Reduksi Emisi dari Deforestasi dan Degradasi Hutan dan Lahan Gambut Plus atau dikenal dengan nama REDD+ merupakan mekanisme insentif ekonomi yang diberikan pada negara berkembang. Tujuannya untuk mendorong pengelolaan hutan berkelanjutan dalam rangka pengurangan emisi karbon.

Indonesia ikut berkepentingan menjalankan REDD+ karena 70 persen dari luas daratannya adalah hutan. Namun, dalam prakteknya di hutan Nusantara, REDD+ masih menjadi "makhluk asing" bagi masyarakat adat setempat.

"REDD+ memiliki keuntungan yang masih samar-samar. Namun, cost yang dikeluarkan adalah hal pasti. Ini sulit jika diterapkan di masyarakat karena mereka cenderung memikirkan sesuatu yang instan," kata Herry Purnomo, peneliti CIFOR, dalam diskusi "Keanekaragaman Hayati, Pertumbuhan yang Berkelanjutan dan Mitigasi Emisi Gas Rumah Kaca – Pengelolaan Hutan Konservasi Bersama Masyarakat," di Jakarta, Kamis (8/11).

Dicontohkan Herry seperti penjelasan skema perhitungan REDD+ hingga sepuluh tahun mendatang. Sedangkan petani di wilayah setempat membutuhkan biaya sekolah anak untuk satu tahun ke depan. "Policy REDD+ terlalu rumit, harus kita buat lebih sederhana."

Masyarakat desa di hutan Kalimantan. (Thinkstockphoto)

Hal ini ditegaskan oleh Bambang Darmadja, mantan Kepala Balai Taman Nasional Meru Betiri (TNMB), Jawa Timur. Pihaknya sudah menerapkan kegiatan REDD+ sejak tahun 2010. Namun, karena sulit merangkul masyarakat yang cenderung menginginkan hasil instan, pihak TNMB akhirnya melibatkan lembaga swadaya masyarakat (LSM).

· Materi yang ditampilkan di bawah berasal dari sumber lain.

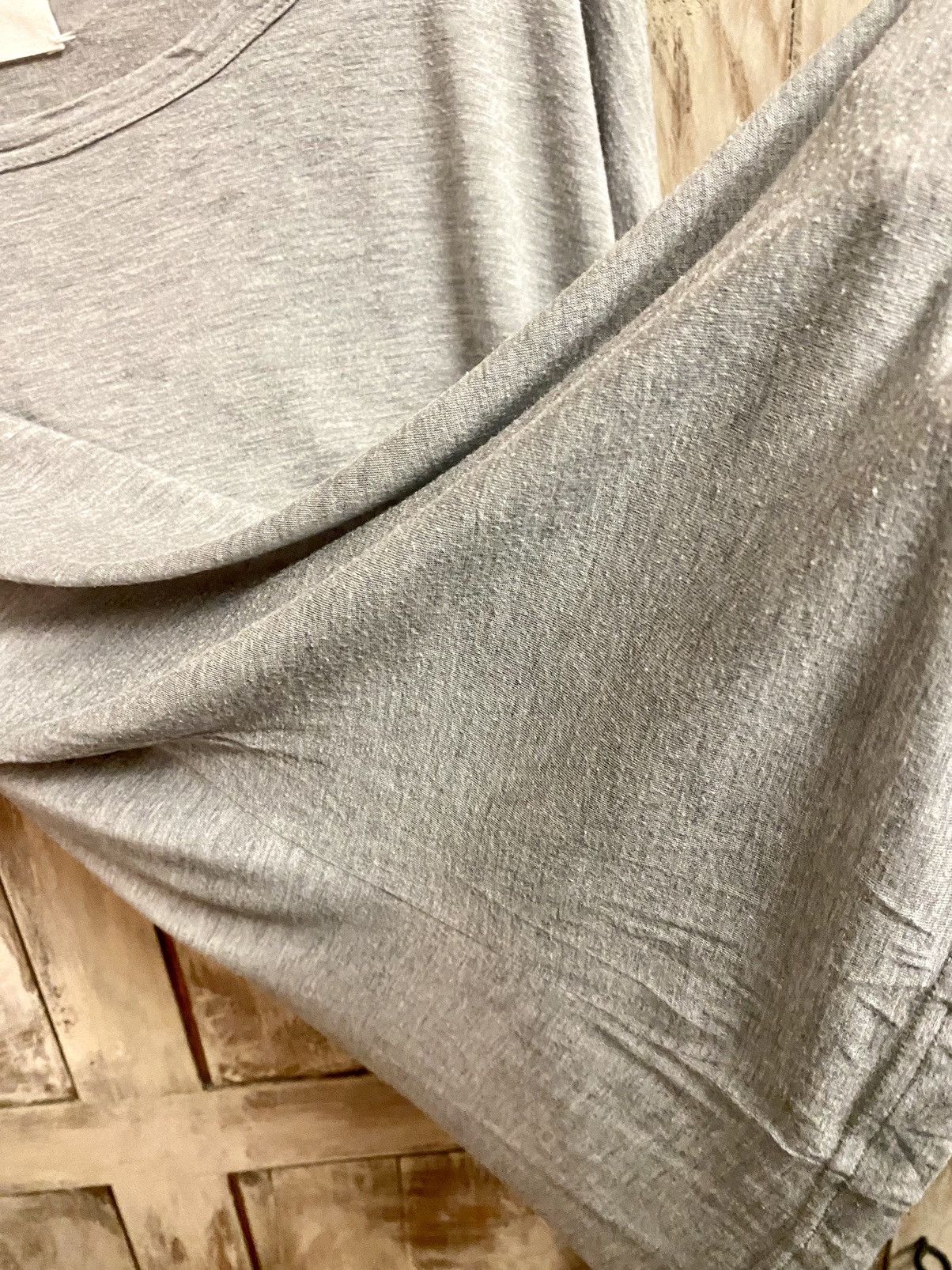 Maison Margiela maison martin margiela vintage extra long sleeve Size S / US 4 / IT 40 - 7 Thumbnail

"Untuk membangun kemitraan, kami juga membangun diskusi bersama. Pada prinsipnya, untuk membangun kawasan konservasi, sangat penting melibatkan masyarakat," urai Bambang.

Asing dengan REDD+

Dalam forum diskusi ini dikemukakan aspirasi beberapa wakil dari Aliansi Masyarakat Nusantara (AMAN) yang menyuarakan rasa asingnya pada REDD+. "Ada aktivitas dari LSM untuk mengukur karbon di hutan kami. Tapi jujur saja tidak diketahui untuk siapa maksud dan keuntungannya," ujar perwakilan Bengkulu yang mengkritik juga bagaimana Pemerintah tidak menyentuh masyarakat adat dalam negosiasi atau pun perhitungan karbon.

Dikatakan Sonny Partono, Inspektur Investigasi dan Inspektur Jenderal Kementerian Kehutanan, masyarakat adat di wilayah kawasan konservasi masih boleh memanfaatkan lahan yang ada. Namun, harus lahan yang berada di zona pemanfaatan.

"REDD+ memungkinkan masyarakat berada di zonasi khusus atau tradisional. Mereka boleh memanfaatkan, tapi tidak boleh memiliki," kata Sonny.